This book adaptation with a terribly translated English title starts promisingly with a social-media-age update of the Hitchcockian 'wrong man' plot, with Taisuke Yamagata, a fifty-something real estate sales manager, falsely accused of murder by well-meaning but misguided online amateur sleuths, but by the end, the tone has lurched awkwardly between comedy, thriller, and social commentary (isn't online amateur crime reporting terrible?), and the plot has required audiences to at once sympathise with Yamagata as the wronged hero while also regarding him with disdain and pity as a problematic antihero - a difficult balancing act given his portrayal by the likeable Hiroshi Abe.

★★☆☆☆

CINECAL: ONE SENTENCE REVIEWS

Wednesday, 14 January 2026

Nightwatch - Demons Are Forever ('Nattevagten – Dæmoner går i arv') (2023)

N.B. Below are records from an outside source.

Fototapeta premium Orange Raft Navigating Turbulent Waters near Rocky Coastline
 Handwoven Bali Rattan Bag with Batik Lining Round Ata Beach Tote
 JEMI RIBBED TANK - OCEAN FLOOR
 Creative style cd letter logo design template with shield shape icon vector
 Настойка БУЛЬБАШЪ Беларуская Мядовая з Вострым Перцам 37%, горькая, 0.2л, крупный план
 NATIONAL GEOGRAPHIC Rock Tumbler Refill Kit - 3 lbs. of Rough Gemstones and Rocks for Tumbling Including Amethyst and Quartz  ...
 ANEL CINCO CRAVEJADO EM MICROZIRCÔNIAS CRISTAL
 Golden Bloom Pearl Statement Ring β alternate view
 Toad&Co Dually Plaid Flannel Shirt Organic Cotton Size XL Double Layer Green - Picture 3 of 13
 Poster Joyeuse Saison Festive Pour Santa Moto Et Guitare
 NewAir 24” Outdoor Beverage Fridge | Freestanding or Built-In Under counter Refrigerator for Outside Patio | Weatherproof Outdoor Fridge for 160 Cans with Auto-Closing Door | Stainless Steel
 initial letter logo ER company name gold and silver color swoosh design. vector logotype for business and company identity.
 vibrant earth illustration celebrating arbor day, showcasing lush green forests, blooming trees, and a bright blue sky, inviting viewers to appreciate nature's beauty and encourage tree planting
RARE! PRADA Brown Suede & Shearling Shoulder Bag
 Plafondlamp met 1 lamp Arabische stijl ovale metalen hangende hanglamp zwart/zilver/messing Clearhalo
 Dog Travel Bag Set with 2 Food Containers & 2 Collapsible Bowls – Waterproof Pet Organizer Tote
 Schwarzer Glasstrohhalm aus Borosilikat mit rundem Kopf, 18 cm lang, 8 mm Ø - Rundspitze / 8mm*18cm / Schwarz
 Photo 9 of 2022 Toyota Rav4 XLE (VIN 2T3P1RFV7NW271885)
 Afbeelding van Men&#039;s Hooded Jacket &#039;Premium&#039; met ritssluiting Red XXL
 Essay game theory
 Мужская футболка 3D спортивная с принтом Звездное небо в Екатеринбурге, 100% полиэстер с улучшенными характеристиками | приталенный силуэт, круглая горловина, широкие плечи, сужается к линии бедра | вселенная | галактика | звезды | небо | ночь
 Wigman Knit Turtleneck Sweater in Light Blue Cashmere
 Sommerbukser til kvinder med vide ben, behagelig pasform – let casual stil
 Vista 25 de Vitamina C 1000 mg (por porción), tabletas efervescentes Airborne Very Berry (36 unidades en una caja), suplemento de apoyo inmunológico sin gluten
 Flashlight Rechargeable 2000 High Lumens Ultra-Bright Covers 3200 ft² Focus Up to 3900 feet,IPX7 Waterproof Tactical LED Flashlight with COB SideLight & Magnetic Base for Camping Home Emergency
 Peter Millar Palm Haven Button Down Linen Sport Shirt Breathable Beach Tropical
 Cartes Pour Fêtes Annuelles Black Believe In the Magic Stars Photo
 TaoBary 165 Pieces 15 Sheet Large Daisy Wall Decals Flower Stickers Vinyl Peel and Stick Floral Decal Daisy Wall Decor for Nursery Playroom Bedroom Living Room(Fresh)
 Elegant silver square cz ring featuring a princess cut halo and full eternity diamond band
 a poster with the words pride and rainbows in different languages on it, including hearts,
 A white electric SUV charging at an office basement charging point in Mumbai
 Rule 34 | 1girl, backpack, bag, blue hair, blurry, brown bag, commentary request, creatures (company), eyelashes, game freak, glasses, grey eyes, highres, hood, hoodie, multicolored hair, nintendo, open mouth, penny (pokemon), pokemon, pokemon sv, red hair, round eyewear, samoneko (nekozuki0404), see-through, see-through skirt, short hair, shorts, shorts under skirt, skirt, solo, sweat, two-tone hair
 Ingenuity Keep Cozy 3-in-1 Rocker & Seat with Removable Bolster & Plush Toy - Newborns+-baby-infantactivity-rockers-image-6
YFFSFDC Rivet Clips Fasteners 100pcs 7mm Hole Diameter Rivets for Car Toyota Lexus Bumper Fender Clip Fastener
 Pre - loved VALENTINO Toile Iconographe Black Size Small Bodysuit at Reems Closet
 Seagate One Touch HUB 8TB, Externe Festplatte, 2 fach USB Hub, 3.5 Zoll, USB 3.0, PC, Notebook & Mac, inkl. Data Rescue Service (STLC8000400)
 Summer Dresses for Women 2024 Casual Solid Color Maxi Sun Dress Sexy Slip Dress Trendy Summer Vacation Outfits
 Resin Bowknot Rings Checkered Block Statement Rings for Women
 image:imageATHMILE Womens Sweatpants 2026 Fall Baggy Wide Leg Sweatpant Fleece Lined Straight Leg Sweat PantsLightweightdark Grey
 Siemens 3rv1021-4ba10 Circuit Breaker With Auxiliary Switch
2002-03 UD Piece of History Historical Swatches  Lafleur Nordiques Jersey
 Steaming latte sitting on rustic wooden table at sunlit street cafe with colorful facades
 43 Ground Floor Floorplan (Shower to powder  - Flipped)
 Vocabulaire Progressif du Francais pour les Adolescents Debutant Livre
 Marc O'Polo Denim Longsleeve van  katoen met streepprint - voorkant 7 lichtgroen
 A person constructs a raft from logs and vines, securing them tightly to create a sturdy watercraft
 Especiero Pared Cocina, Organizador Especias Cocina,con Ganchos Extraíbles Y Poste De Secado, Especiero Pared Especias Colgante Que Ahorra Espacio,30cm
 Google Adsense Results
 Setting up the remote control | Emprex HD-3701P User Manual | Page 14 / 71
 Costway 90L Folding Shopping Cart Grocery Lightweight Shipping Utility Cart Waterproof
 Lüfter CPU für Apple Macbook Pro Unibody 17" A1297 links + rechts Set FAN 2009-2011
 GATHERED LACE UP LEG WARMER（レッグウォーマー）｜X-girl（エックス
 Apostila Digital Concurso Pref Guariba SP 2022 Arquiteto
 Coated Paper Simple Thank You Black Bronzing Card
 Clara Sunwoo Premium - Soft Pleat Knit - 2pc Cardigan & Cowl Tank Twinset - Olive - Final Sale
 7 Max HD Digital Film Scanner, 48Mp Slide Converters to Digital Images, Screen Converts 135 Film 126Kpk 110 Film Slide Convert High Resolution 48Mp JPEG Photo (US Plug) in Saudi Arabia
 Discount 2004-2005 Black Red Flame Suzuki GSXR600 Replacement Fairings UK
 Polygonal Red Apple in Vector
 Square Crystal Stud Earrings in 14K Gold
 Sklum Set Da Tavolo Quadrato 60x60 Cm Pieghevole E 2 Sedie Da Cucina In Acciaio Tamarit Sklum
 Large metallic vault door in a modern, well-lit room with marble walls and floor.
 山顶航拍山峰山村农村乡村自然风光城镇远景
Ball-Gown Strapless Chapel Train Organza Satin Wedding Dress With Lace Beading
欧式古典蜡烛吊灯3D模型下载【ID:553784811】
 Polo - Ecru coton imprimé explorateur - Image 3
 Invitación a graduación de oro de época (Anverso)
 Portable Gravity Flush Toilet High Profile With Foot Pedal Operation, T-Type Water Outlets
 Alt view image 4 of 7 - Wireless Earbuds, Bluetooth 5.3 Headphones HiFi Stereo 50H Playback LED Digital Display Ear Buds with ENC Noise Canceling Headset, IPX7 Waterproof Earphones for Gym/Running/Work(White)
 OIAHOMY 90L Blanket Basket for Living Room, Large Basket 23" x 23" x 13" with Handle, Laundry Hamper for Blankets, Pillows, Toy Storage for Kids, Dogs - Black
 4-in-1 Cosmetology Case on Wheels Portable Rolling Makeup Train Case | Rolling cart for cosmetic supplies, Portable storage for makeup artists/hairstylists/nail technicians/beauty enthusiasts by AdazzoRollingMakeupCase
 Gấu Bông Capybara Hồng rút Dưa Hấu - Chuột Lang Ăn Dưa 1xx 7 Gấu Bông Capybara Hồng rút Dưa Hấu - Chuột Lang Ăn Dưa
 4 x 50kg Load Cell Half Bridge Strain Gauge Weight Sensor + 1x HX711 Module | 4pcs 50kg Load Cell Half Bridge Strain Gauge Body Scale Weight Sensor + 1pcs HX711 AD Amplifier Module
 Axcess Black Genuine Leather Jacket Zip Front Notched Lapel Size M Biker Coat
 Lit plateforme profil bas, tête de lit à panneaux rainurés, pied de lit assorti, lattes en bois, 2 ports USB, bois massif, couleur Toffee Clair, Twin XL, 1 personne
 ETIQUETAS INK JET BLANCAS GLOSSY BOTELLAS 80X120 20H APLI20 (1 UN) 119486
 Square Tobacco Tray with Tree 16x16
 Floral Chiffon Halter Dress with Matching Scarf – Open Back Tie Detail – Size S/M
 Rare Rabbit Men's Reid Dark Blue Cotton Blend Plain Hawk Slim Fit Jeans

You need to have seen the 1994 original to appreciate the genius of this sequel that takes the themes and look of the original and cements them as classic by reworking the story with a new gender politic, putting Fanny Leander Bornedal in the lead role as the daughter of Nikolaj Coster-Waldau's character in the original - she takes on the morgue nightwatch job to better understand her parents' ordeal - and just when you think things are going to be too same-same (moths in the light fittings, alarm lights that threaten to go off...) this gnarly, twisted mystery really goes places!

★★★★☆

CINECAL: ONE SENTENCE REVIEWS

Friday, 26 December 2025

Nosferartu (1979)

In his 1979 remake of the 1922 original film, Werner Herzog brings sound and colour to the story, which helps him achieve his usual painterly, mesmerizing style, but he also takes the opportunity to align the story much more closely with Bram Stoker's Dracula, which of course is exactly what Nosferatu is - Dracula with the title and character names changed after a copyright challenge from Stoker's widow, Florence Stoker.

★★★★☆

CINECAL: ONE SENTENCE REVIEWS

Saturday, 13 December 2025

Nightwatch ('Nattevagten') (1994)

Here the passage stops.